TASK DESCRIPTION =
Omit all pictures, then repeat the listing exactly.

----- DATA SECTION

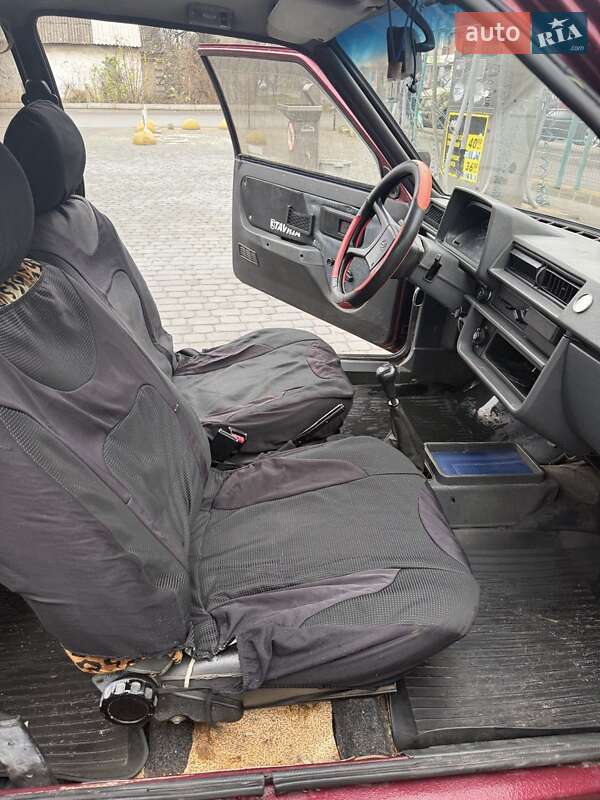 Хэтчбек ЗАЗ 1102 Таврия-Нова 2001 в Запорожье фото 15 Хэтчбек ЗАЗ 1102 Таврия-Нова 2001 в Запорожье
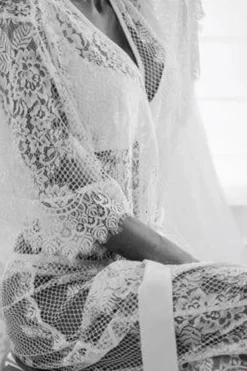 Homebodii Leah Robe Online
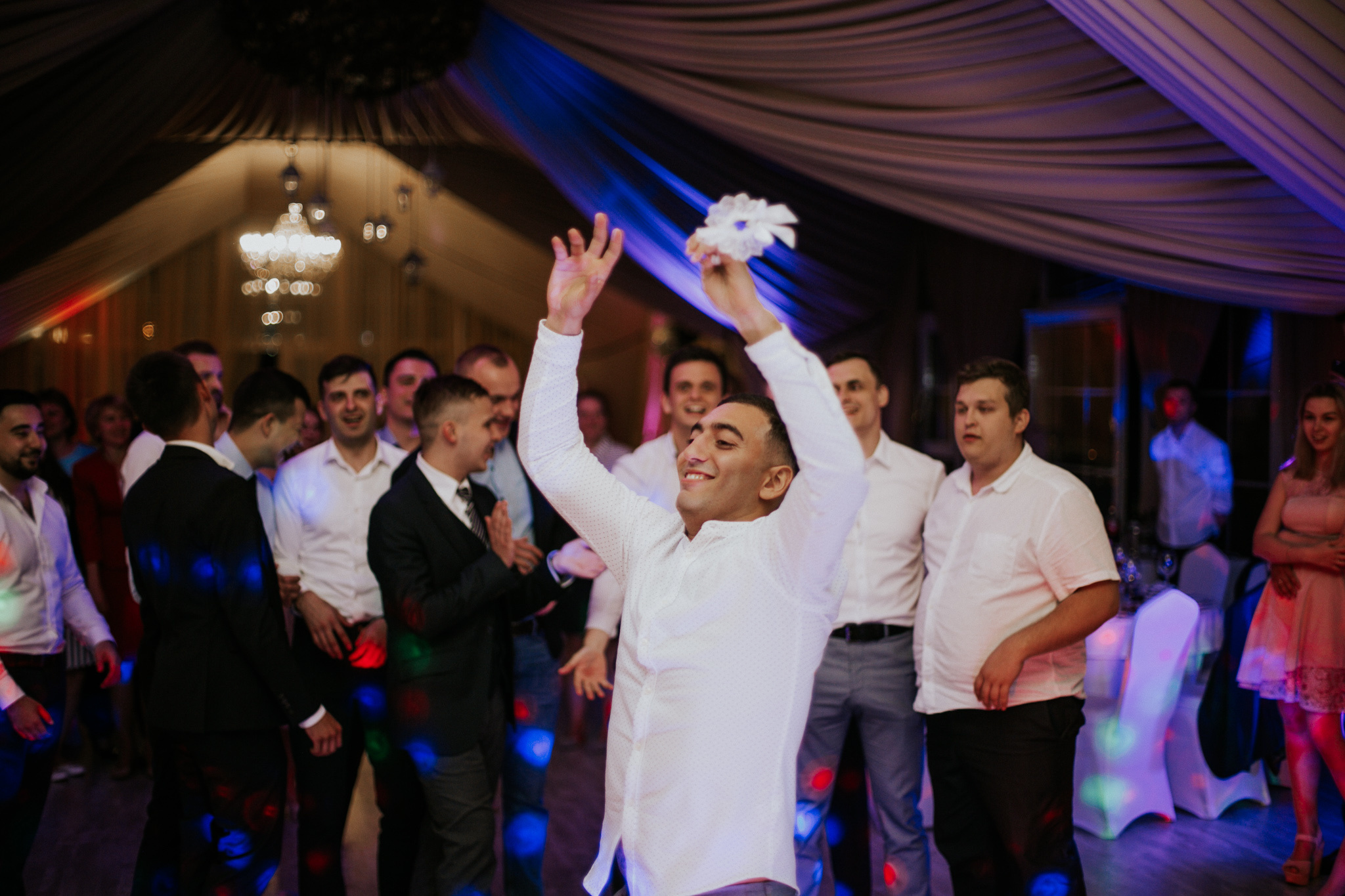 D & S. Свадебный фотограф в Москве Влад Бойцов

----------

REPLY TO THE EXERCISE =
 Хэтчбек ЗАЗ 1102 Таврия-Нова 2001 в Запорожье фото 15 Хэтчбек ЗАЗ 1102 Таврия-Нова 2001 в Запорожье
 Homebodii Leah Robe Online
 D & S. Свадебный фотограф в Москве Влад Бойцов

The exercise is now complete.